Publisher: One World
ISBN: 0345511018
Category : Biography & Autobiography
Languages : en
Pages : 338
Book Description
“A searing and emotionally gripping account of a young black girl growing up to become a strong black woman during the most difficult time of racial segregation.”—Professor Charles Ogletree, Harvard Law School “Provides important context for an important moment in America’s history.”—Associated Press When fourteen-year-old Carlotta Walls walked up the stairs of Little Rock Central High School on September 25, 1957, she and eight other black students only wanted to make it to class.
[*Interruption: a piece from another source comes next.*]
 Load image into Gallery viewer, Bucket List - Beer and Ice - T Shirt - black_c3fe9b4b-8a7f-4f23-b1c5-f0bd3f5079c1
But the journey of the “Little Rock Nine,” as they came to be known, would lead the nation on an even longer and much more turbulent path, one that would challenge prevailing attitudes, break down barriers, and forever change the landscape of America. For Carlotta and the eight other children, simply getting through the door of this admired academic institution involved angry mobs, racist elected officials, and intervention by President Dwight D. Eisenhower, who was forced to send in the 101st Airborne to escort the Nine into the building. But entry was simply the first of many trials. Breaking her silence at last and sharing her story for the first time, Carlotta Walls has written an engrossing memoir that is a testament not only to the power of a single person to make a difference but also to the sacrifices made by families and communities that found themselves a part of history.